Many Native American artists are inspired by their rich cultural history and the traditions of art, dance, community, and cuisine that have been carefully passed down for generations. From colorful shell beadwork and mosaic inlay to Navajo weaving and Pueblo pottery, many art forms are unique to the Pueblo people of New Mexico and tribes of the Southwest.
Native American artists are inspired to preserve these traditional art forms, using them to tell stories of their history and culture while also preserving the high standards of craftsmanship that make their work distinctive, valuable, and lasting.
Jewelry has been made and worn in the Southwest since prehistoric times. For thousands of years Native Southwestern people made mosaic inlay and beads of turquoise, shell, bone, or stone. Metal arrived with the Spanish. Native Americans acquired metal ornaments through trade, but it was not until the middle of the 19th century that Navajo and Zuni artisans learned the craft from Mexican blacksmiths and silversmiths. Their early silver jewelry creations were plain, with simple engraved, stamped, or punched designs. Turquoise was first used in silver around 1880.
By the turn of the 20th century, silversmithing was widespread across the Southwest, and Native artists were making more sophisticated pieces like concho belts, and squash blossom and naja necklaces. The Navajo soon became known for their use of silver, emphasizing silver-heavy designs with only a few gemstones, while the Zuni focused on stone work, featuring finely cut clusters of gems in complex patterns. The Hopi and Pueblo tribes also developed distinctive jewelry styles in the early 1900s. Today, silver jewelry is an iconic image of the Southwest. Today, Native American artists draw upon both traditional and contemporary influences, and their shell, gemstone, and silver jewelry is prized and collected by people around the world.

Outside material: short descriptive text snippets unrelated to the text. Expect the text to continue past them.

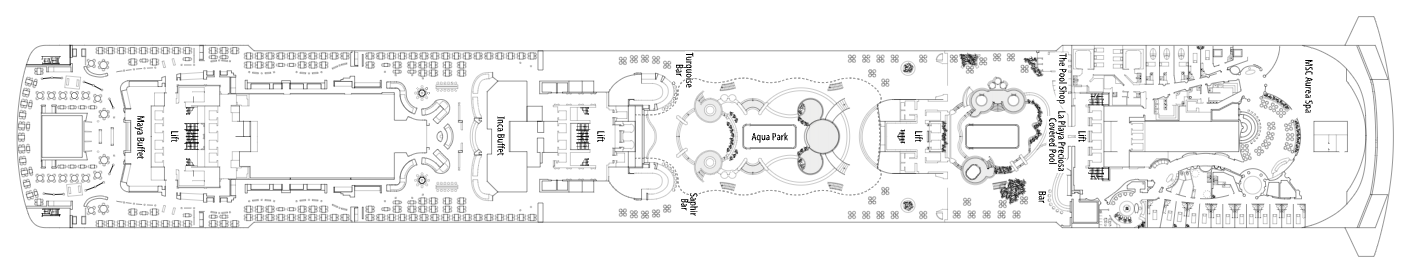 Deck 14 plan on MSC Preziosa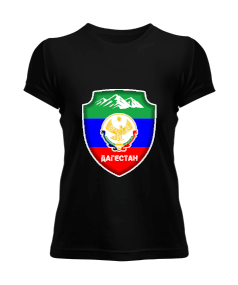 Dağıstan,Kafkas,Dağıstan Bayrağı,Dağıstan logosu. Kadın Tişört - Tisho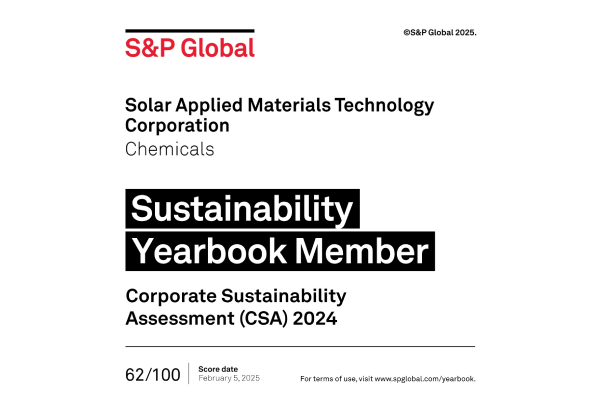 The parent company - Solar has been selected for the S&P Global 2025 Sustainability Yearbook.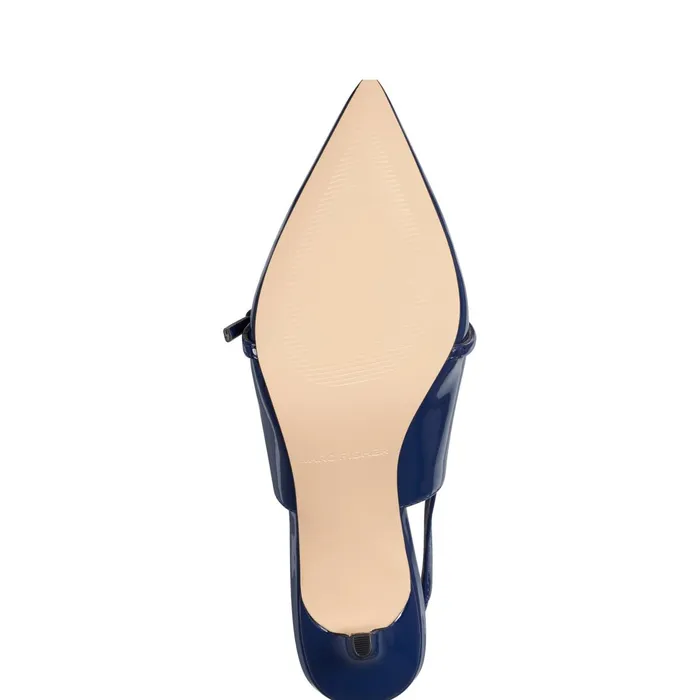 Women Alorie Slingback Pump Navy Patent Marc Fisher Heels and Pumps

At Shumakolowa Native Arts, we guarantee that your purchase is an original and authentic work handcrafted by Native American artists as defined by the Indian Arts and Crafts Act of 1990. We ask our artists to complete an extensive certification process, and to provide a CIB (Certificate of Degree of Indian Blood) card and other documentation of their Native American heritage. Our team of experts carefully inspects every product to guarantee it is handcrafted using traditional, sustainable processes, and natural materials of only the highest quality. We record the place and date of each purchase and pride ourselves in paying a fair price that allows artists to make a living practicing their craft.

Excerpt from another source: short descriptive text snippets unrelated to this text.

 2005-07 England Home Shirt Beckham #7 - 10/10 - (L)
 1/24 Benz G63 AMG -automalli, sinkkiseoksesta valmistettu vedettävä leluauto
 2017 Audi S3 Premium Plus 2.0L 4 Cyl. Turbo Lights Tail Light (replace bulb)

Every work of handcrafted art comes with a Certificate of Authenticity signed by an artist or buyer. At a time when many commercially made products are being sold as handcrafted Native American art, our in-depth purchase process allows us to guarantee the authenticity of every unique piece of fine art we offer. For more than 35 years, we have made it a priority to visit artists in their studio or home to purchase their latest handcrafted pieces and learn about their work. We have developed lasting relationships with artists, as well as dealers and collectors, and we take pride in being a trusted destination for fine Native American art.